WORK REQUIRED ▸ Set down the line that contains "The Sparrow Puff" and every line after it to the end of the entries, exactly as they stand and nothing more.
• • • • • • •
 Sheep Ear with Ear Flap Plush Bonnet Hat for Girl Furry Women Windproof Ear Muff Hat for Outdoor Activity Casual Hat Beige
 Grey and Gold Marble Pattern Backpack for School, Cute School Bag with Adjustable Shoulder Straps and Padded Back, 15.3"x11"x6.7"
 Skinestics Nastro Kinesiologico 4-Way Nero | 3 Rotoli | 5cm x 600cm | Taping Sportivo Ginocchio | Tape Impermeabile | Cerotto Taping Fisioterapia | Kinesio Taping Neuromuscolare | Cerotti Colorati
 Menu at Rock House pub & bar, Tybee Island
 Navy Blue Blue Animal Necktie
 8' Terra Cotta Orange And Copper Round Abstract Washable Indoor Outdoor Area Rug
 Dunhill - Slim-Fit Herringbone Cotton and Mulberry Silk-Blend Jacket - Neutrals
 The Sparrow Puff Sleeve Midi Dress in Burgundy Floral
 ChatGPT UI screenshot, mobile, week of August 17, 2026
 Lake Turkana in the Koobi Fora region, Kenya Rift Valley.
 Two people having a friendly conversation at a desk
• • • • • • •
WRITTEN ANSWER ▸
 The Sparrow Puff Sleeve Midi Dress in Burgundy Floral
 ChatGPT UI screenshot, mobile, week of August 17, 2026
 Lake Turkana in the Koobi Fora region, Kenya Rift Valley.
 Two people having a friendly conversation at a desk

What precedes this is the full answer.